Dataset entries
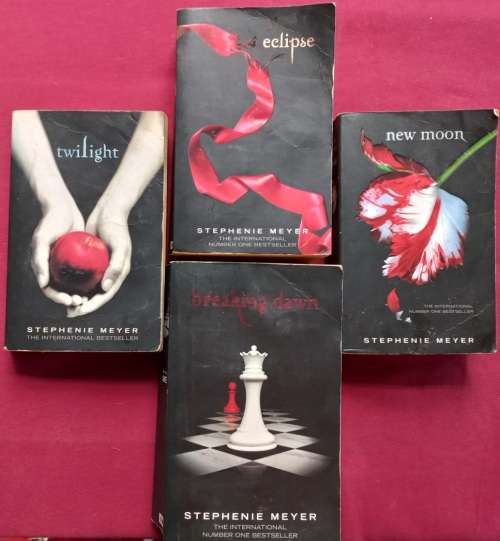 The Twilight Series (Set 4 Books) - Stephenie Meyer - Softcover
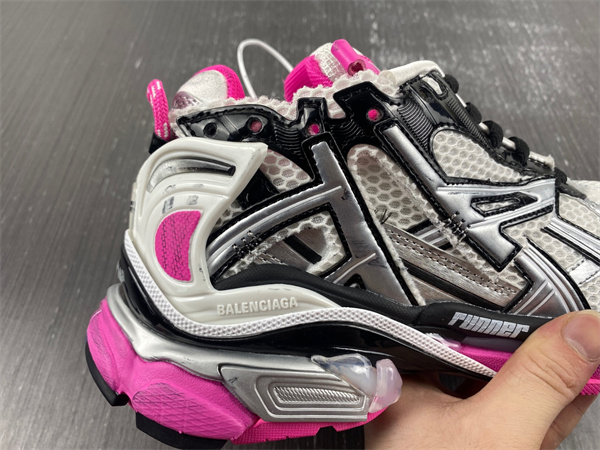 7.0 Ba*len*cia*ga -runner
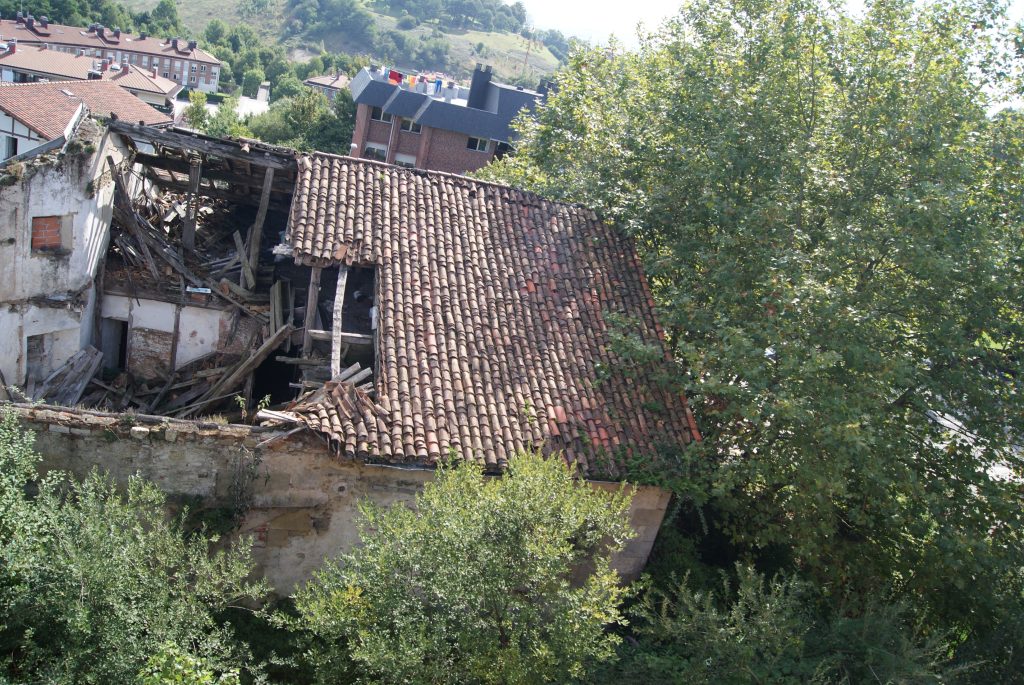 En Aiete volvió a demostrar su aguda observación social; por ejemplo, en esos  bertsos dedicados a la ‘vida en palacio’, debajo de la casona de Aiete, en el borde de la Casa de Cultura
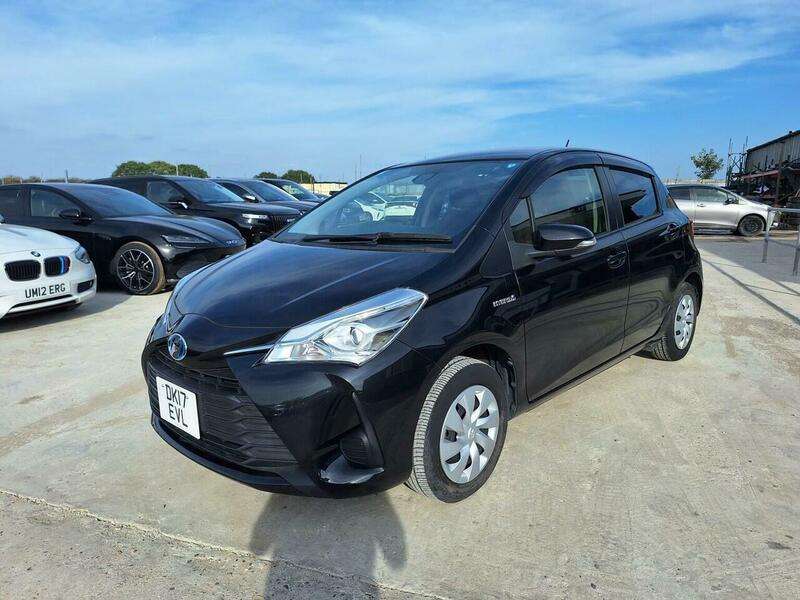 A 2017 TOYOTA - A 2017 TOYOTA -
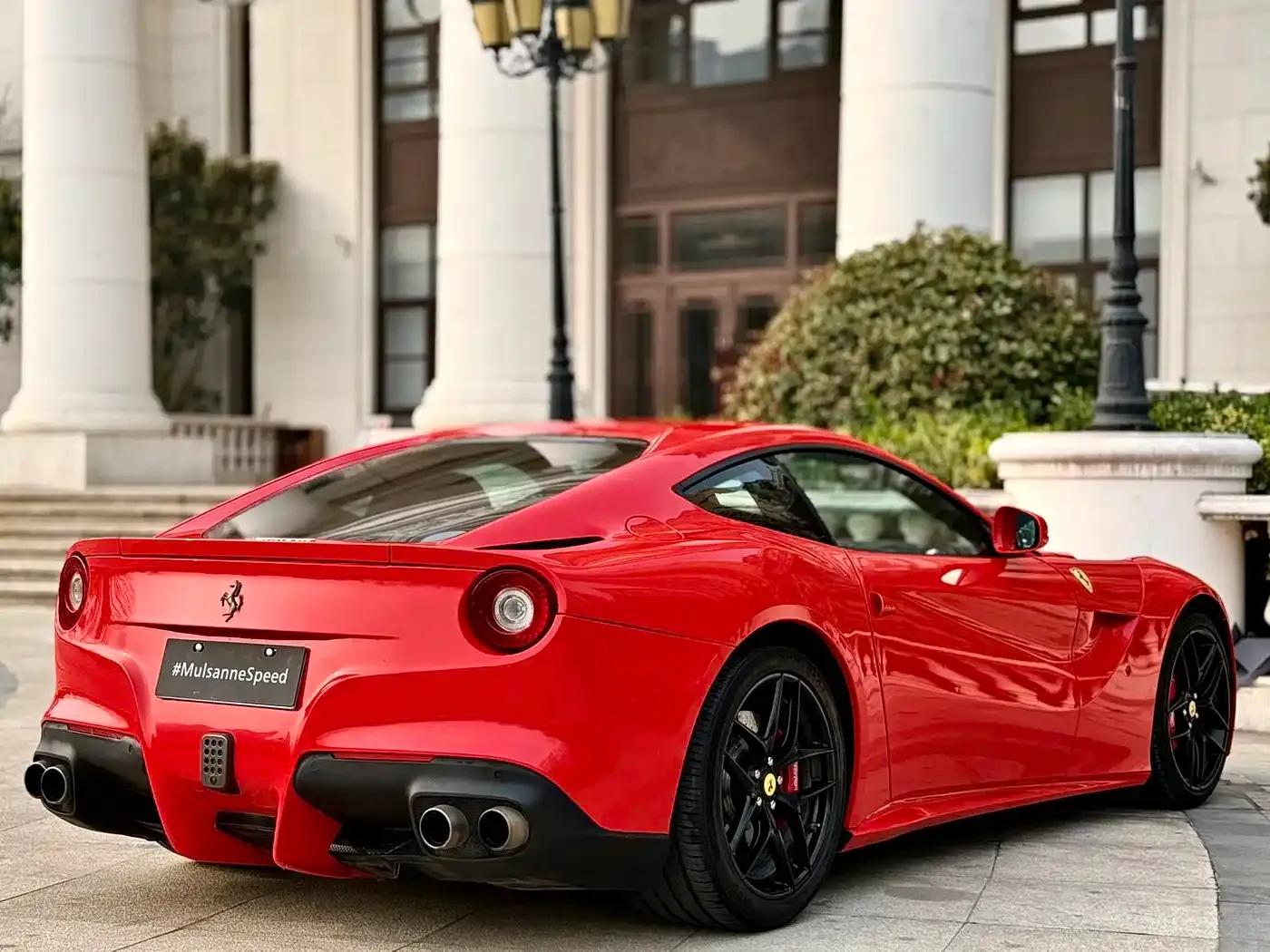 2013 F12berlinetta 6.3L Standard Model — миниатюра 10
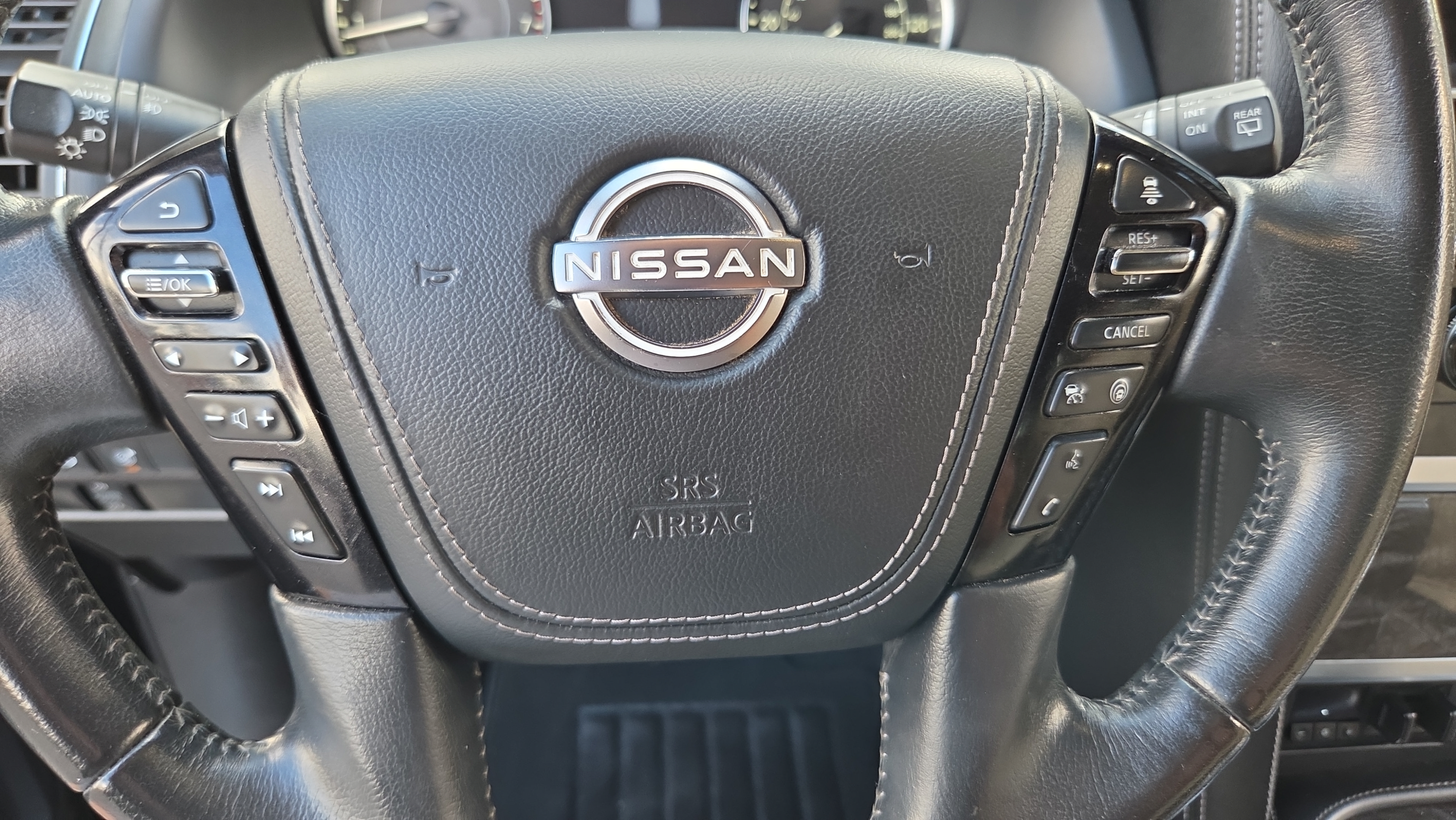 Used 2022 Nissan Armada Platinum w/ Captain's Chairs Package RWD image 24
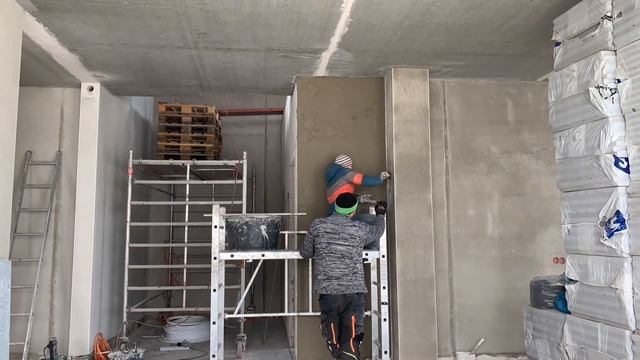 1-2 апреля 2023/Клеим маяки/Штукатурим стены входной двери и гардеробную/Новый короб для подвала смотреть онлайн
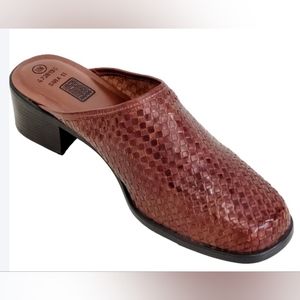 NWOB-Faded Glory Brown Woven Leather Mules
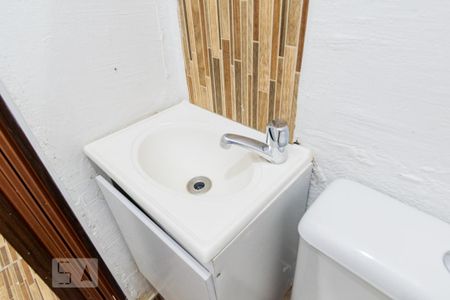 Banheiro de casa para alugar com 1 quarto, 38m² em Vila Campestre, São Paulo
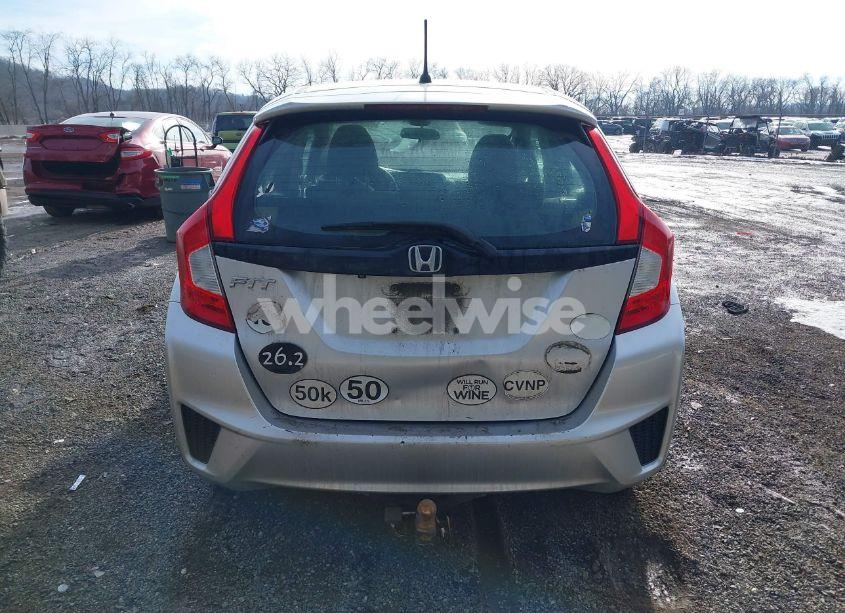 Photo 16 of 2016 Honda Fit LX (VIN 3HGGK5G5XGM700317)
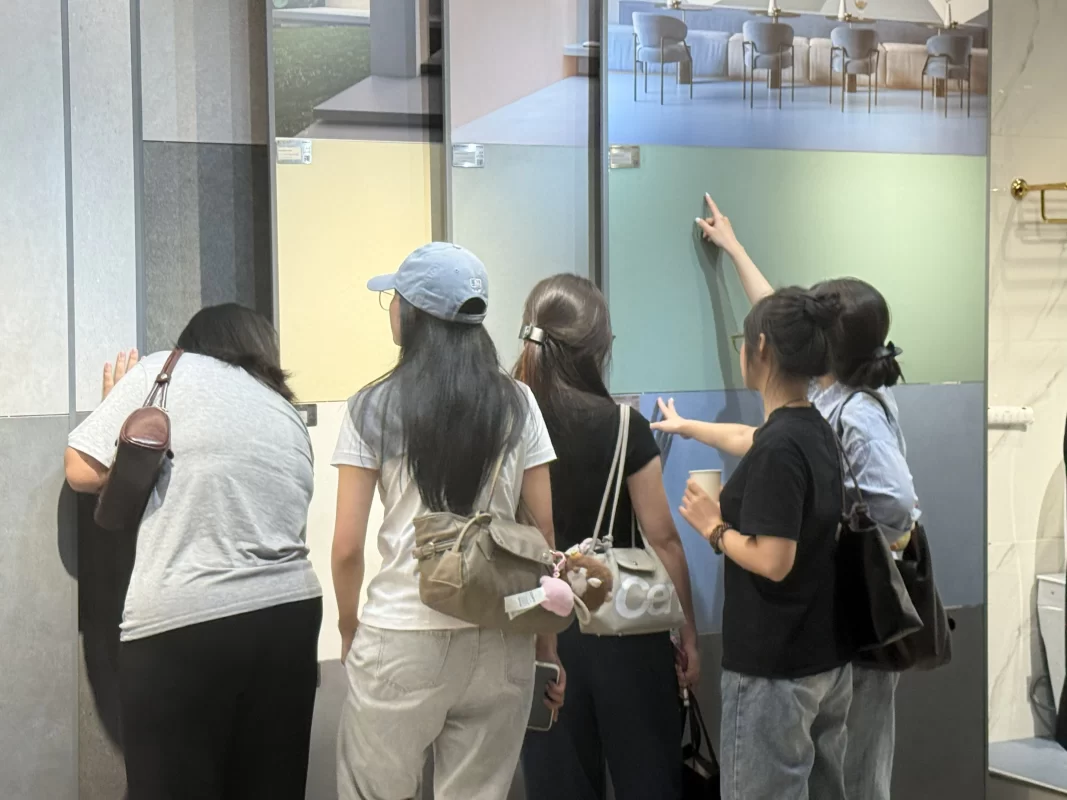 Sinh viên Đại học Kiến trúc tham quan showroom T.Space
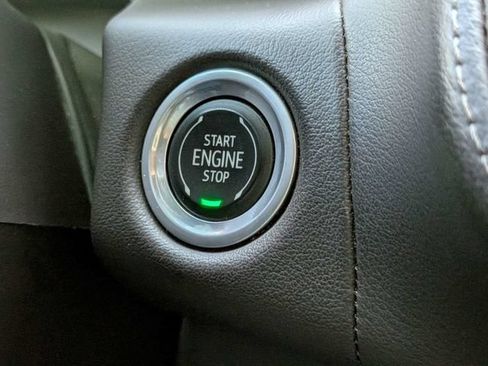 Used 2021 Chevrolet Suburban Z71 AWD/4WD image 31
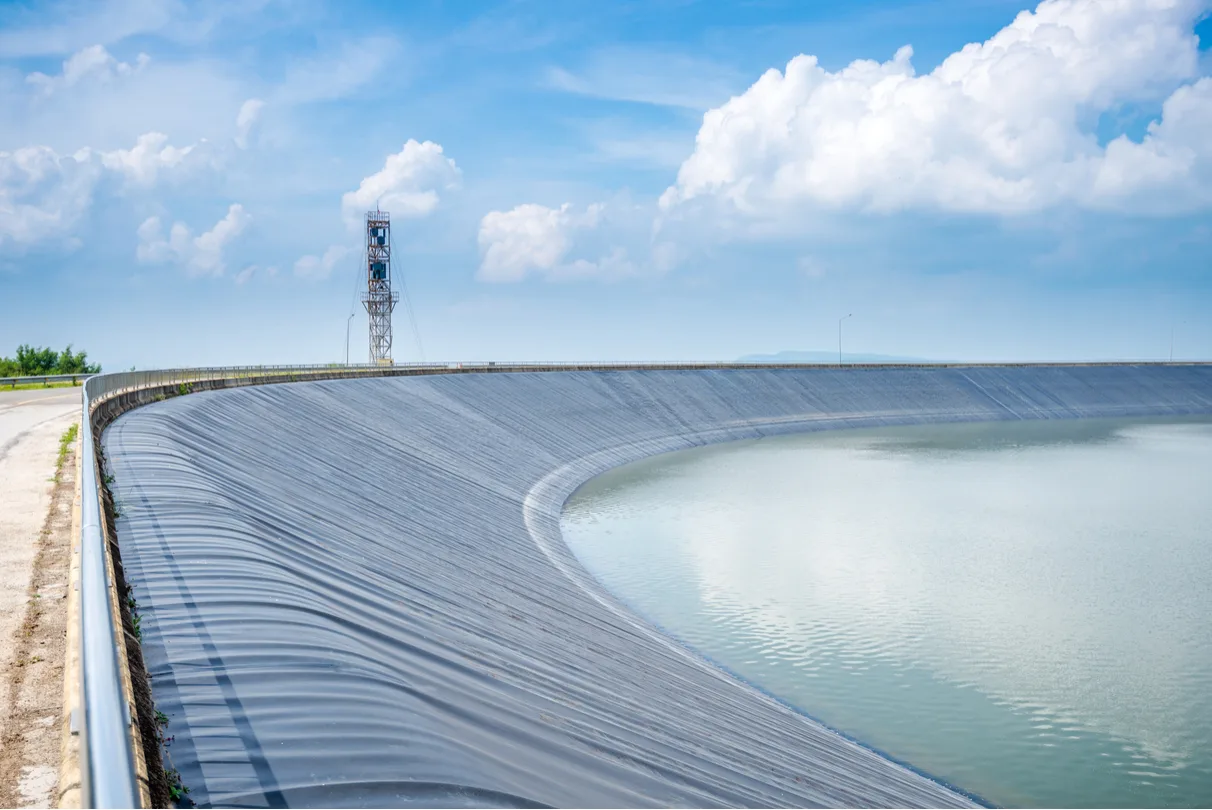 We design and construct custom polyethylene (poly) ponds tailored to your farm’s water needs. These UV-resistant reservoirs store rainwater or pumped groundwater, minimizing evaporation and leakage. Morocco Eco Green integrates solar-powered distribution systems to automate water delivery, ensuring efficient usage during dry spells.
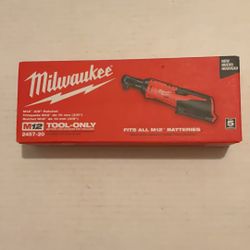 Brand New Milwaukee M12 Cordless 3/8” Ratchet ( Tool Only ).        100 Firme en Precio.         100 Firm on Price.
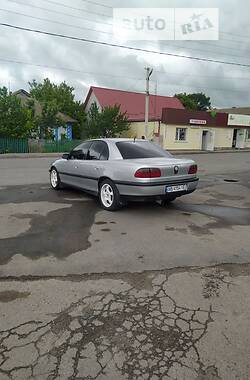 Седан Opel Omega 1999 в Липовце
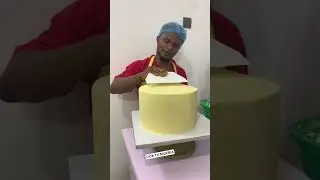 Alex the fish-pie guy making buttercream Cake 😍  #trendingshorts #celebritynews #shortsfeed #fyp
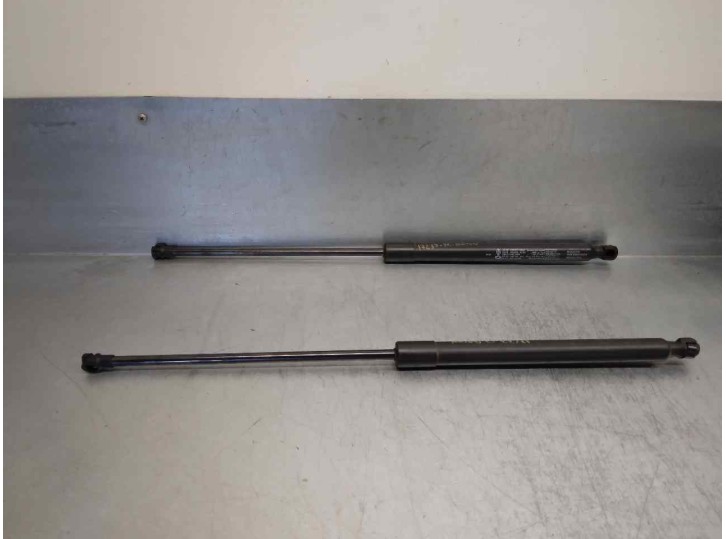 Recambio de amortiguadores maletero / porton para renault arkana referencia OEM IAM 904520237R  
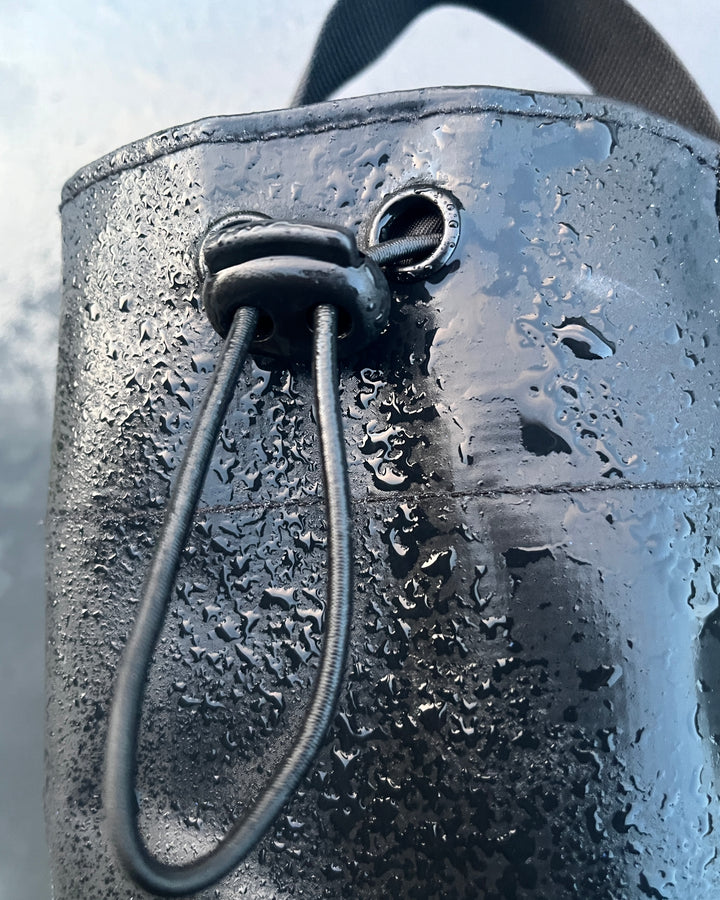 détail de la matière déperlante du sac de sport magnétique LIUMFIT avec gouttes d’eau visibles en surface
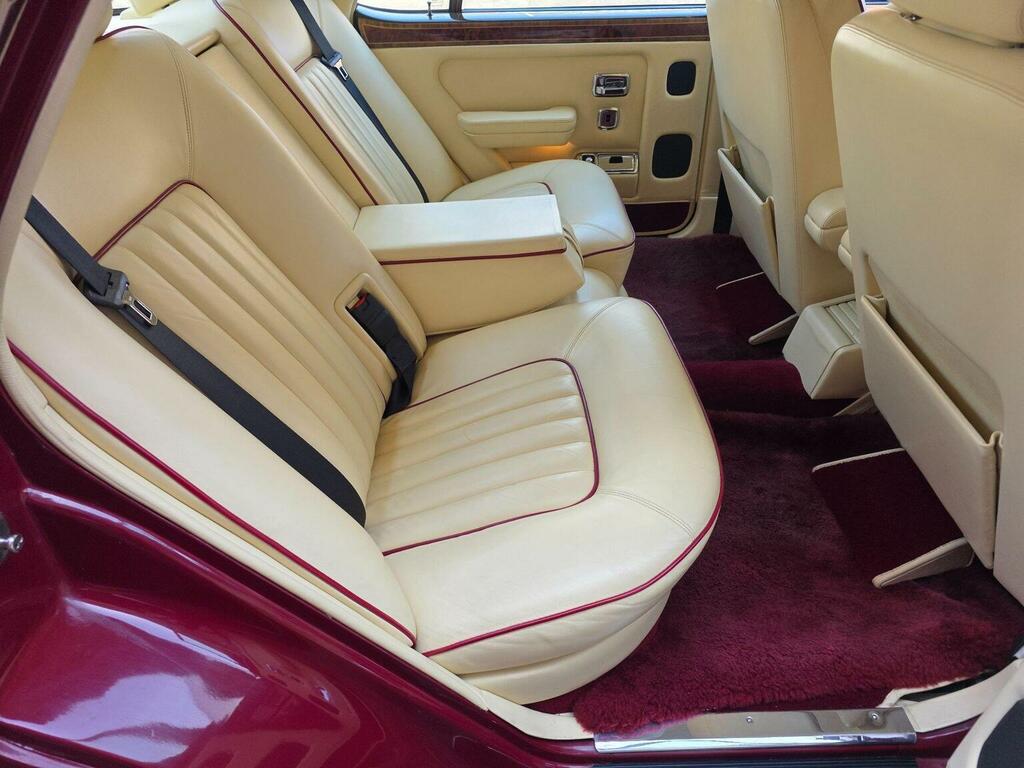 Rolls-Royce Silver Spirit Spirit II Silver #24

● Work to be completed
Line by line, write out the records above exactly, skipping the pictures.

● Problem solution
 The Twilight Series (Set 4 Books) - Stephenie Meyer - Softcover
 7.0 Ba*len*cia*ga -runner
 En Aiete volvió a demostrar su aguda observación social; por ejemplo, en esos  bertsos dedicados a la ‘vida en palacio’, debajo de la casona de Aiete, en el borde de la Casa de Cultura
 A 2017 TOYOTA - A 2017 TOYOTA -
 2013 F12berlinetta 6.3L Standard Model — миниатюра 10
 Used 2022 Nissan Armada Platinum w/ Captain's Chairs Package RWD image 24
 1-2 апреля 2023/Клеим маяки/Штукатурим стены входной двери и гардеробную/Новый короб для подвала смотреть онлайн
 NWOB-Faded Glory Brown Woven Leather Mules
 Banheiro de casa para alugar com 1 quarto, 38m² em Vila Campestre, São Paulo
 Photo 16 of 2016 Honda Fit LX (VIN 3HGGK5G5XGM700317)
 Sinh viên Đại học Kiến trúc tham quan showroom T.Space
 Used 2021 Chevrolet Suburban Z71 AWD/4WD image 31
 We design and construct custom polyethylene (poly) ponds tailored to your farm’s water needs. These UV-resistant reservoirs store rainwater or pumped groundwater, minimizing evaporation and leakage. Morocco Eco Green integrates solar-powered distribution systems to automate water delivery, ensuring efficient usage during dry spells.
 Brand New Milwaukee M12 Cordless 3/8” Ratchet ( Tool Only ).        100 Firme en Precio.         100 Firm on Price.
 Седан Opel Omega 1999 в Липовце
 Alex the fish-pie guy making buttercream Cake 😍  #trendingshorts #celebritynews #shortsfeed #fyp
 Recambio de amortiguadores maletero / porton para renault arkana referencia OEM IAM 904520237R  
 détail de la matière déperlante du sac de sport magnétique LIUMFIT avec gouttes d’eau visibles en surface
 Rolls-Royce Silver Spirit Spirit II Silver #24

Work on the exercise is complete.